4 Qualitative Analysis

Visualizations of position predictions from our model demonstrate that it has learnt the three act structure [Trottier, 1998] in stories – the setup, the middle and the climax. We also present success and failure examples of our sorting model’s predictions. See the supplementary for more details and figures.

We visualize our model’s temporal common sense, in Fig. 2. The word clouds show discriminative words – the words that the model believes are indicative of sentence positions in a story. The size of a word is proportional to the ratio of its frequency of occurring in that position to other positions. Some words like ‘party’, ‘wedding’, etc., probably because our model believes that the start the story describes the setup – the occasion or event. People often tend to describe meeting friends or family members which probably results in the discriminative words such as ‘people’, ‘friend’, ‘everyone’ in the second and the third sentences. Moreover, the model believes that people tend to conclude the stories using words like ‘finally’, ‘afterwards’, tend to talk about ‘great day’, group ‘pictures’ with everyone, etc.

Conclusion

We propose the task of “sequencing” in a set of image-caption pairs, with the motivation of learning temporal common sense. We implement multiple neural network models based on individual and pairwise element-based predictions (and their ensemble), and utilize both image and text features, to achieve strong performance on the task. Our best system, on average, predicts the ordering of sentences to within a distance error of 0.8 (out of 5) positions. We also analyze our predictions and show qualitative examples that demonstrate temporal common sense.

Acknowledgements

We thank Ramakrishna Vedantam and the anonymous reviewers for their helpful suggestions. This work was supported by: NSF CAREER awards to DB and DP, ARO YIP awards to DB and DP, ICTAS Junior Faculty awards to DB and DP, Google Faculty Research award to DP and DB, ARL grant W911NF-15-2-0080 to DP and DB, ONR grant N00014-14-1-0679 to DB and N00014-16-1-2713 to DP, ONR YIP award to DP, Paul G. Allen Family Foundation Allen Distinguished Investigator award to DP, Alfred P. Sloan Fellowship to DP, AWS in Education Research grant to DB, NVIDIA GPU donations to DB and MB, an IBM Faculty Award and Bloomberg Data Science Research Grant to MB. Appendix

Appendix A Confusion Matrix for Predicting Position of an Element

We visualize the 5-way classification confusion matrix for our best performing method i.e., Voting ensemble of Pairwise Skip-Thought+Image(CNN) and Pairwise Order (Neural Position Embedding (NPE)) in Fig. 3. The block-diagonal matrix structure shows that the model predicts the first and the last element of a story reasonably well but is often confused by elements in the middle of the story. This visualization suggests that the model has learnt the three act structure in stories, i.e., the setup, the middle and the climax.

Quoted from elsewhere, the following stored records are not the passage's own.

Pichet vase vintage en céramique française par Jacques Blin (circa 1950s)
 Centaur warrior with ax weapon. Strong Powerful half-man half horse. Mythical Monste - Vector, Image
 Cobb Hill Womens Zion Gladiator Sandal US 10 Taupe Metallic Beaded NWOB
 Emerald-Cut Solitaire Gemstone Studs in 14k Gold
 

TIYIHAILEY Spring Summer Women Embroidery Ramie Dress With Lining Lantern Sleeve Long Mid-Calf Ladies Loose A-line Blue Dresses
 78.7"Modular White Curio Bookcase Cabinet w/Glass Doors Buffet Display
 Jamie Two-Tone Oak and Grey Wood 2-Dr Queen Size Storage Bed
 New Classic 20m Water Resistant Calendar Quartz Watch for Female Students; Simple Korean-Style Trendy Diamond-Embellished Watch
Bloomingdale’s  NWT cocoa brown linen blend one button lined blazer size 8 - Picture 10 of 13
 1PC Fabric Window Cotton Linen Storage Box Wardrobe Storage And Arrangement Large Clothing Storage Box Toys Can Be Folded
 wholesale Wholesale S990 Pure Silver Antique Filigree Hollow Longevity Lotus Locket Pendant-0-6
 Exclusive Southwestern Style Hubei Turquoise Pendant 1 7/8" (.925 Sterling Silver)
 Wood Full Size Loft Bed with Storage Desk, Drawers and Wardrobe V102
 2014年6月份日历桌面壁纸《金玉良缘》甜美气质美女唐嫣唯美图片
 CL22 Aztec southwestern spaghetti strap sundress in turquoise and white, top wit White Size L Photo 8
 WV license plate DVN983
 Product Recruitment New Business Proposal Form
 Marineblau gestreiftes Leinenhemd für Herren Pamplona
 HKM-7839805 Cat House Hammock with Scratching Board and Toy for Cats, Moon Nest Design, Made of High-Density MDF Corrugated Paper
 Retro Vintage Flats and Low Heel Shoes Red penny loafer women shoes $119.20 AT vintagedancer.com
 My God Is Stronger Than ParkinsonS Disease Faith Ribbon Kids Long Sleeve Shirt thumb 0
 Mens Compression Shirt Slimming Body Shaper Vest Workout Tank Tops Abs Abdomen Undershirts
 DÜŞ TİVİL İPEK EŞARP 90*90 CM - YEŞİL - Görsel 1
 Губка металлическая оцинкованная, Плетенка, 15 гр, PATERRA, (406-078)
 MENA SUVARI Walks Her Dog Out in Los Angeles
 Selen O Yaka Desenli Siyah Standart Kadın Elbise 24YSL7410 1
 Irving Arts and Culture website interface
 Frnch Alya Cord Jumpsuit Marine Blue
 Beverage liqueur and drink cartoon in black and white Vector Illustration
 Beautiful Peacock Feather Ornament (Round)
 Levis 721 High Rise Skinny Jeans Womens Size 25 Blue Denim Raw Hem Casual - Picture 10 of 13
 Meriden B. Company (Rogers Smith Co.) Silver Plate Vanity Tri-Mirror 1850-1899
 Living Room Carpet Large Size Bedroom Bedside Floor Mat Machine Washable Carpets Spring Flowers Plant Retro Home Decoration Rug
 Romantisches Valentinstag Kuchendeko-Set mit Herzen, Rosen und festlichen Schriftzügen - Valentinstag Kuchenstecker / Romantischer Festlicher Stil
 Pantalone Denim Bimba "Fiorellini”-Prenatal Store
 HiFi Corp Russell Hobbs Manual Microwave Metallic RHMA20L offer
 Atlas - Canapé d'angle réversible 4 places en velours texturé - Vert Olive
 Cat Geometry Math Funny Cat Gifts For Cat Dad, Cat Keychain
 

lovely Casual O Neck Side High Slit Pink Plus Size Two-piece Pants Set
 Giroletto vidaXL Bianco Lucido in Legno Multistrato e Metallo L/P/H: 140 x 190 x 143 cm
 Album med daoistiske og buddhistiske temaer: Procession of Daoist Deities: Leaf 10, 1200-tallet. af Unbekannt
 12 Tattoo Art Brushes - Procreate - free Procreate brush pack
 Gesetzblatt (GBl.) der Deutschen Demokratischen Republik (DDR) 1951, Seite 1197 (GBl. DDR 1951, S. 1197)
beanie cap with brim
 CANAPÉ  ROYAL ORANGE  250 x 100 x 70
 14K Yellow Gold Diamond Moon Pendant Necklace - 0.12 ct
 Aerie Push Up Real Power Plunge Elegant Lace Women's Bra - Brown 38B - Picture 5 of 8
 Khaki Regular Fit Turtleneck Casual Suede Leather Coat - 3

Appendix B Predicted Stories

We present qualitative examples of story orders predicted by the best performing model in Fig. 4. Fig. 4(a) shows example stories in which the position of all elements are predicted correctly. Fig. 4(b) shows stories in which none of the positions are predicted correctly by our model. These two examples show that our model clearly fails when there is no inherent temporal order in the story either via language or images.

Appendix C Temporal Common Sense

In the word cloud in Fig. 5, we visualize the words that the model finds discriminative in correct predictions. These are words from correctly predicted stories that the model believes are indicative of sentence positions in a story. The size of a word is proportional to the ratio of its frequency of occurring in that position to other positions. Our model captures events such as ‘carnival’, ‘reunion’, and sports topics like ‘baseball’, ‘soccer’, ‘skate’ in the first position. This could be the case because the first sentence of a story usually introduces the event that the story is based on. In Fig. 5(e) (word-cloud of the last sentence), we also observe that the model correctly learns cue-words such as ‘overall’, and ‘lastly’. It also learns words and events that frequently conclude stories such as ‘returned’, ‘tired’, ‘winning’, ‘winner’, and ‘celebration’.